>>>>

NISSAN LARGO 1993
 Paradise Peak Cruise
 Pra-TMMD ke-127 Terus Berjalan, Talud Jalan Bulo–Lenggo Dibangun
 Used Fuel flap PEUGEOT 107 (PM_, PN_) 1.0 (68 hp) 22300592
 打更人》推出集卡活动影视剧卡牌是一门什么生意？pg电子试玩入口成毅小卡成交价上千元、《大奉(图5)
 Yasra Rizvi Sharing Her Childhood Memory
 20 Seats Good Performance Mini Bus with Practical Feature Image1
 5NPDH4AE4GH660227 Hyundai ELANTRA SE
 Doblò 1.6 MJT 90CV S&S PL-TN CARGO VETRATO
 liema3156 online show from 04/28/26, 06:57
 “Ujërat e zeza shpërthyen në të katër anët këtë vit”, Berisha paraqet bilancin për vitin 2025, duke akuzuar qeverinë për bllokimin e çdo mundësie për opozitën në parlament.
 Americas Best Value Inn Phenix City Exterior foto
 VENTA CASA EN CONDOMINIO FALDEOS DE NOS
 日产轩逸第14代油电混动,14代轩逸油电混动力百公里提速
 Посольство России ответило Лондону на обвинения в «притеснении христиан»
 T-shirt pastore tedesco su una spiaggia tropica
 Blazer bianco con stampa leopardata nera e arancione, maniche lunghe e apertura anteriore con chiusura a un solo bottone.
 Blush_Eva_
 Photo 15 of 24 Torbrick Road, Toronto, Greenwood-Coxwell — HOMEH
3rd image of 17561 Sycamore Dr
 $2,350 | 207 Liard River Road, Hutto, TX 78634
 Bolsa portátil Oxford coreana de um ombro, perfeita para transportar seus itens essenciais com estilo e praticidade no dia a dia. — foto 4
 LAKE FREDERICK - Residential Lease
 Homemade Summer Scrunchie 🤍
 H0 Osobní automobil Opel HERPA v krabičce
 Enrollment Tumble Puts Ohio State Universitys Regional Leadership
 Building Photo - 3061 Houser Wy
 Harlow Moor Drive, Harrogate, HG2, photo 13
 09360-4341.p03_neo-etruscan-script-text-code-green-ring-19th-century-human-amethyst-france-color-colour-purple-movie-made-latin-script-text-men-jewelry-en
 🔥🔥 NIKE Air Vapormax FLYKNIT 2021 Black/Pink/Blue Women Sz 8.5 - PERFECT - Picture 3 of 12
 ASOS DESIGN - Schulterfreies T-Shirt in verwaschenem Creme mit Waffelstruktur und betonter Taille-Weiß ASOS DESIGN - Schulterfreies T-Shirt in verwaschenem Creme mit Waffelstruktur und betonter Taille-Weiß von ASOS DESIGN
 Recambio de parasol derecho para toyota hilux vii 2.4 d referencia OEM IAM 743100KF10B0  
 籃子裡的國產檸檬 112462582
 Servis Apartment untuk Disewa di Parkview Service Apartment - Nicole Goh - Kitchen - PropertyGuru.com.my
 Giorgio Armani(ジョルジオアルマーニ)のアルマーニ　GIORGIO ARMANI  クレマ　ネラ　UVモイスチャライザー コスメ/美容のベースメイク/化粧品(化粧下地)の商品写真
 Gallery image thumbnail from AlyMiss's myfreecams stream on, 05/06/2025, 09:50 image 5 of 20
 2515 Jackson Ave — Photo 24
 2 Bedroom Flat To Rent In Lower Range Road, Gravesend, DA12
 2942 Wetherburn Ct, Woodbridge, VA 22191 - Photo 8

<<<<

Out of the data above, return each line where the word "from" can be found.

 liema3156 online show from 04/28/26, 06:57
 Gallery image thumbnail from AlyMiss's myfreecams stream on, 05/06/2025, 09:50 image 5 of 20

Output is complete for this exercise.